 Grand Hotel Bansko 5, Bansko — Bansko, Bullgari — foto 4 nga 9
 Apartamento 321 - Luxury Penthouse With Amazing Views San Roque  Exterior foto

---

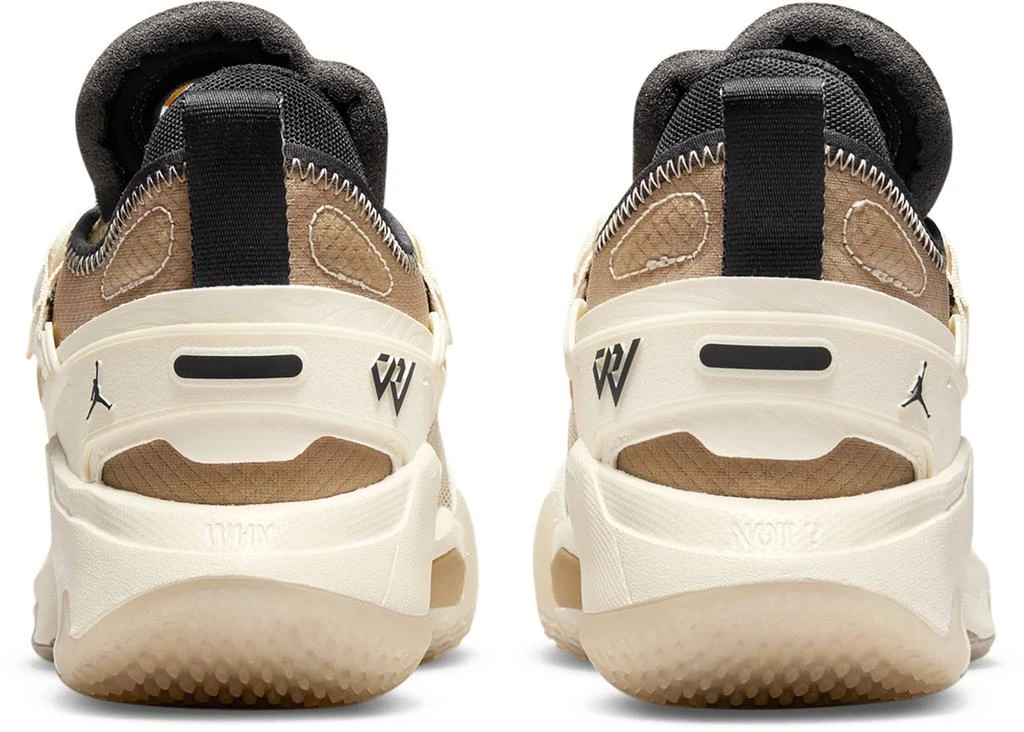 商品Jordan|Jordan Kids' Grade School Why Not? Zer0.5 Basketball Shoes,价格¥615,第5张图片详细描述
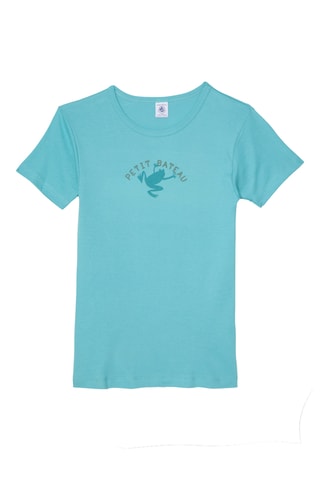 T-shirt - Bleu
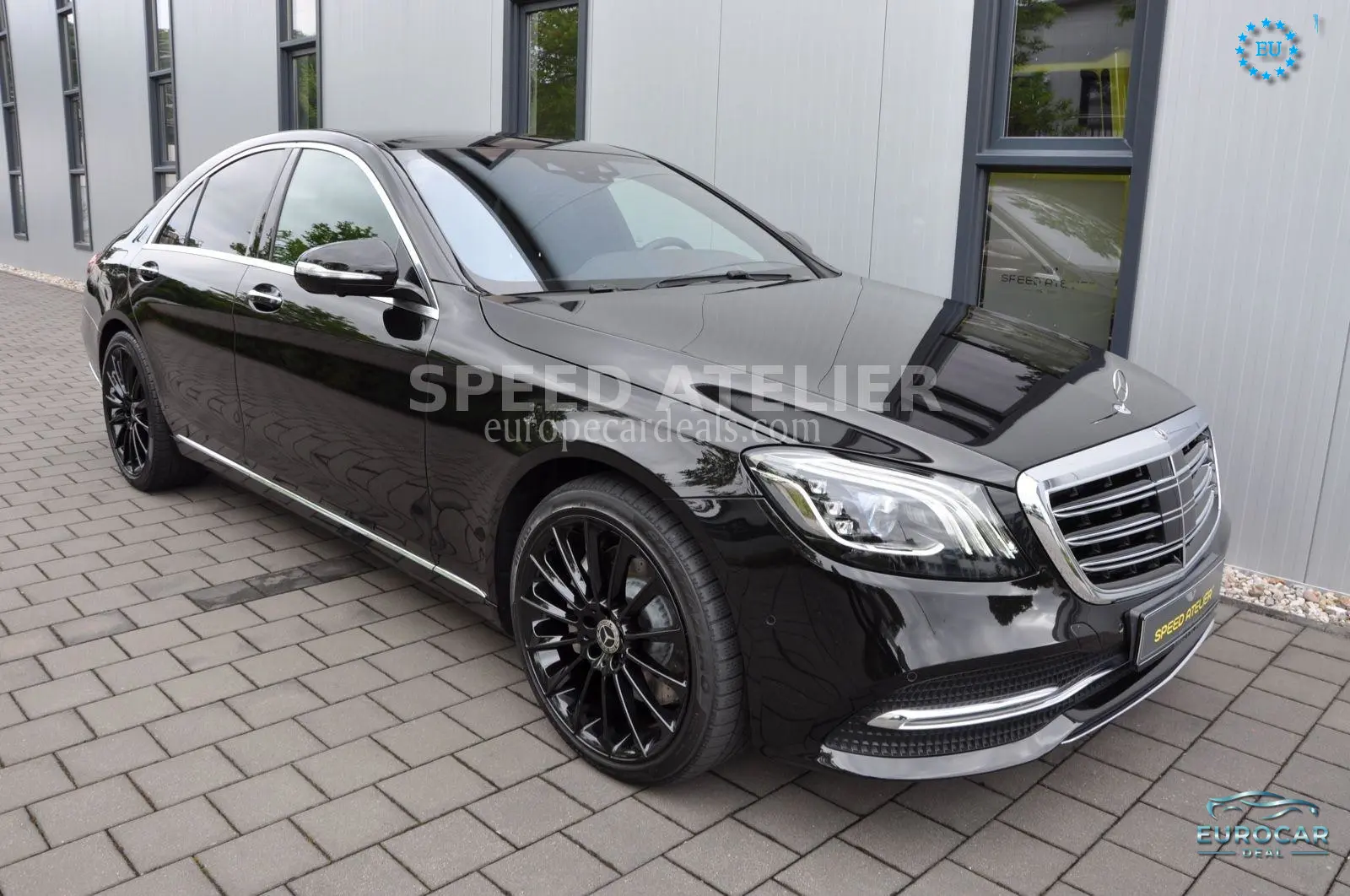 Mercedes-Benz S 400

- What this task involves
Filter the entries down to the lines with the word "foto" in them.

- Solution for this task
 Grand Hotel Bansko 5, Bansko — Bansko, Bullgari — foto 4 nga 9
 Apartamento 321 - Luxury Penthouse With Amazing Views San Roque  Exterior foto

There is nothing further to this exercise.